### What to do
Identify, in the records below, every line where the string "Pullover" appears, and copy each such line.

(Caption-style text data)
========================

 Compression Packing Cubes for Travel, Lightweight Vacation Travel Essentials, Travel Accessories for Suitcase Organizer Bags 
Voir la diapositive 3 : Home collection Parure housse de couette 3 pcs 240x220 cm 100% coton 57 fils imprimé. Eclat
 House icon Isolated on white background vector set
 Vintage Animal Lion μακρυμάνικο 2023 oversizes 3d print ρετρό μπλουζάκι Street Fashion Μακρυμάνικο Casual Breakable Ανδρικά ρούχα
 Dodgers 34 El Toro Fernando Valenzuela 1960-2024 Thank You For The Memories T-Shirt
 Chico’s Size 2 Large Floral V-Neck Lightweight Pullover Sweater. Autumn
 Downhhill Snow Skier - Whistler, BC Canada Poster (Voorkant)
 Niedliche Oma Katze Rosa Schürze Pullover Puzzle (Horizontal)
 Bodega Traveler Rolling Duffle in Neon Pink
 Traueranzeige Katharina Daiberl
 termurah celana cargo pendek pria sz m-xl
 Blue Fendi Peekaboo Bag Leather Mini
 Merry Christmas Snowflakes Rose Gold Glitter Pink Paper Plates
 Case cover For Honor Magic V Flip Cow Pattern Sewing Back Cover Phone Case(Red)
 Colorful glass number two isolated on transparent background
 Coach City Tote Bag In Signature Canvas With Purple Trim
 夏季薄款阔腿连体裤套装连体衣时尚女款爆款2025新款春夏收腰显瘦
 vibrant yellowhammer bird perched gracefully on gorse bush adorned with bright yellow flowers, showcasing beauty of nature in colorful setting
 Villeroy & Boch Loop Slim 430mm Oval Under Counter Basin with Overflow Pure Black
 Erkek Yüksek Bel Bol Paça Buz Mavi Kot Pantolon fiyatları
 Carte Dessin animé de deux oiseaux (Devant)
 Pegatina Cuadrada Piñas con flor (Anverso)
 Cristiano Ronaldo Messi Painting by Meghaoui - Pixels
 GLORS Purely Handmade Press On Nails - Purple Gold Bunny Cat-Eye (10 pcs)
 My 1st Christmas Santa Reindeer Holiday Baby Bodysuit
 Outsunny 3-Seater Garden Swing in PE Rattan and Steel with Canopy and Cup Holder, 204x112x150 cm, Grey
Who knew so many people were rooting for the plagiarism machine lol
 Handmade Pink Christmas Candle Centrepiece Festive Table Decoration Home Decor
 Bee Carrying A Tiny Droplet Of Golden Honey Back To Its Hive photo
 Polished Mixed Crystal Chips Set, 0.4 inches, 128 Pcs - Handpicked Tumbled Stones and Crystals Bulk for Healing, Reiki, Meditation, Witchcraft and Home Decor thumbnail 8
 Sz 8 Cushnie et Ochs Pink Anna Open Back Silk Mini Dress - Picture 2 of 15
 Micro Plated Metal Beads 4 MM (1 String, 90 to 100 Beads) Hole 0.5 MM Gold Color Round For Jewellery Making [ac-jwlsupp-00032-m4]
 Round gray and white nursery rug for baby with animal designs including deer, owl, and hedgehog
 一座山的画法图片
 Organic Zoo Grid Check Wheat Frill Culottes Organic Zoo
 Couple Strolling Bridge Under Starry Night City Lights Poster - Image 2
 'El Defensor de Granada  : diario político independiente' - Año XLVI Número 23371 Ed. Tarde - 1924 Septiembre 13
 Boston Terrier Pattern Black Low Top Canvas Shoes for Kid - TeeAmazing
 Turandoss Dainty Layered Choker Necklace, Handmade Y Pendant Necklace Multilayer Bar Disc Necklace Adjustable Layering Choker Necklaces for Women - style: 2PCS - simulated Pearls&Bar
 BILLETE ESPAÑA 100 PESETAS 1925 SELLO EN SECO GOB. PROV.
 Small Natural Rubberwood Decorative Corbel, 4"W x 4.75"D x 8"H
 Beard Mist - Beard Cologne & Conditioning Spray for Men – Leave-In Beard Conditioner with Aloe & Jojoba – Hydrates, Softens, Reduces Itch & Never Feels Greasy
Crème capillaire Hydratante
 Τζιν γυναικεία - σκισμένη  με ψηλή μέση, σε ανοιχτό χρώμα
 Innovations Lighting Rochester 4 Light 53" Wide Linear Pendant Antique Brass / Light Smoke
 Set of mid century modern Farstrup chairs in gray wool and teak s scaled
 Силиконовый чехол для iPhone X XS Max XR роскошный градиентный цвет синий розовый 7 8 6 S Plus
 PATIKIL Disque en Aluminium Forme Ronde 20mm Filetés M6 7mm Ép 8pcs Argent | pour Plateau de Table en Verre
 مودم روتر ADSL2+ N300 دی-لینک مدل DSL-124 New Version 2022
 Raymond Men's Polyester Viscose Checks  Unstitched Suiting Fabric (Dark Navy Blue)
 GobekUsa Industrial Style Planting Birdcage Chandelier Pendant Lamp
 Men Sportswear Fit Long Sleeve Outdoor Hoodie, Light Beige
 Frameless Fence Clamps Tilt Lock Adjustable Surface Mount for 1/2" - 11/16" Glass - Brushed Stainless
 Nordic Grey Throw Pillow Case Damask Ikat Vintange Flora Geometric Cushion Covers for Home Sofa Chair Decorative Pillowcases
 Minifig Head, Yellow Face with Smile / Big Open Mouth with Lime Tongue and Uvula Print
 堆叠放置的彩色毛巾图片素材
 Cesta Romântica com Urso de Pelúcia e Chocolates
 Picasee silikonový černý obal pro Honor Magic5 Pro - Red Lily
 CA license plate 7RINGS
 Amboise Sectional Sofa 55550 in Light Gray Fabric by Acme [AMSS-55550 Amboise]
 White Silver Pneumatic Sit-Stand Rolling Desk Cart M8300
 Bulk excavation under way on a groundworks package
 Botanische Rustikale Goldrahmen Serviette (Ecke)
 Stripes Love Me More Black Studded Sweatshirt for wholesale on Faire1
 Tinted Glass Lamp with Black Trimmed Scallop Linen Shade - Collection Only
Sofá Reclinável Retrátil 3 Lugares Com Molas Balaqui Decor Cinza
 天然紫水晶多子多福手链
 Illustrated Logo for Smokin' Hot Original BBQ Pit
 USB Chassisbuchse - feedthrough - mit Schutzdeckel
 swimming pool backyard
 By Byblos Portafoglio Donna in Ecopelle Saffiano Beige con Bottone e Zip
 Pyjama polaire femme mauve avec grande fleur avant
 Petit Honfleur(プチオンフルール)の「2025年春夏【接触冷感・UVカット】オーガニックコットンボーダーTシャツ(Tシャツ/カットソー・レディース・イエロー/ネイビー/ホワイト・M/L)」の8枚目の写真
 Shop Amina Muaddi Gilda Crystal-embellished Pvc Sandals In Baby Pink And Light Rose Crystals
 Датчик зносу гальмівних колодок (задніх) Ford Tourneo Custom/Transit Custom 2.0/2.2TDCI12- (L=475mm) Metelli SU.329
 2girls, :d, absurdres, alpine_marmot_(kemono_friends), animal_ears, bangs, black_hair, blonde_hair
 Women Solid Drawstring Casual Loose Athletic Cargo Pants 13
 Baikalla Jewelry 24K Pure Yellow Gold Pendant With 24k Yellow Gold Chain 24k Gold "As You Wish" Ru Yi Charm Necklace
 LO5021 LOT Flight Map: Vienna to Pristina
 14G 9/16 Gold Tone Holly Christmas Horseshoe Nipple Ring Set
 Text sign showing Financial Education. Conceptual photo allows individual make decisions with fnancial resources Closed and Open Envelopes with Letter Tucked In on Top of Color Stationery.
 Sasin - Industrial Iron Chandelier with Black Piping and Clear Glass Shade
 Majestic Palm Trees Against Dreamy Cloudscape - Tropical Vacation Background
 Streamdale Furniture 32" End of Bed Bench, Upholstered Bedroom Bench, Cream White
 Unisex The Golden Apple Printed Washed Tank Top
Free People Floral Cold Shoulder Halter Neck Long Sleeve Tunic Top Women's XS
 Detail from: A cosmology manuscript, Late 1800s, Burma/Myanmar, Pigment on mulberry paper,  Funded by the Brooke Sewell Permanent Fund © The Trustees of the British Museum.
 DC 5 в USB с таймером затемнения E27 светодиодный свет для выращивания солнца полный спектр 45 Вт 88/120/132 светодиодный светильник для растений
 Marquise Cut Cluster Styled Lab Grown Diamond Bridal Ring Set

========================

### Response
 Chico’s Size 2 Large Floral V-Neck Lightweight Pullover Sweater. Autumn
 Niedliche Oma Katze Rosa Schürze Pullover Puzzle (Horizontal)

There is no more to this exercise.